▶ **ACTIVITY**:
Would you return the data exactly as given, except for its pictures?

▶ **THE DATA**:
++++++++
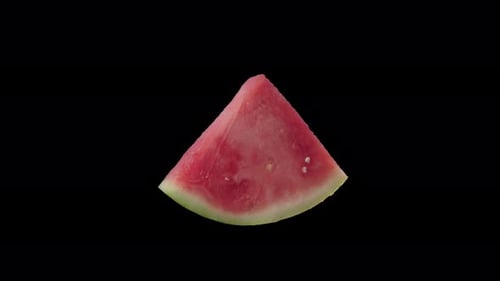 Rotating Slice of Watermelon Isolated on Black Background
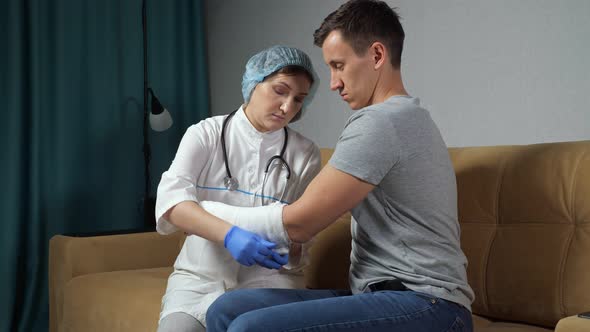 Lady Nurse Uses Swathe to Bandage Broken Arm of Young Man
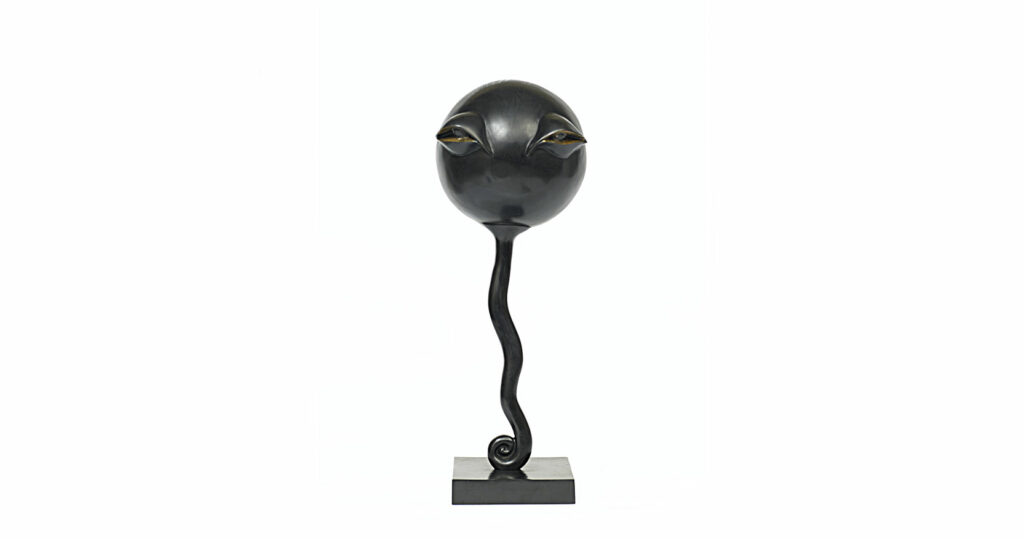Garouste Bonetti, high lamp-sculpture in black bronze, square base, a long curvy neck, surmounted by a face which ressembles E T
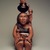 Roxanne Swentzell (Kah'p'oo Owinge (Santa Clara Pueblo), born 1962). <em>Making Babies for Indian Market</em>, 2004. Clay, pigment, 23 1/2 x 8 1/2 x 17 in. (59.7 x 21.6 x 43.2 cm). Brooklyn Museum, Gift in memory of Helen Thomas Kennedy, 2004.80. © artist or artist's estate (Photo: Brooklyn Museum, 2004.80_front.jpg)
++++++++
▶ **EXPECTED OUTPUT**:
 Rotating Slice of Watermelon Isolated on Black Background
 Lady Nurse Uses Swathe to Bandage Broken Arm of Young Man
Garouste Bonetti, high lamp-sculpture in black bronze, square base, a long curvy neck, surmounted by a face which ressembles E T
 Roxanne Swentzell (Kah'p'oo Owinge (Santa Clara Pueblo), born 1962). <em>Making Babies for Indian Market</em>, 2004. Clay, pigment, 23 1/2 x 8 1/2 x 17 in. (59.7 x 21.6 x 43.2 cm). Brooklyn Museum, Gift in memory of Helen Thomas Kennedy, 2004.80. © artist or artist's estate (Photo: Brooklyn Museum, 2004.80_front.jpg)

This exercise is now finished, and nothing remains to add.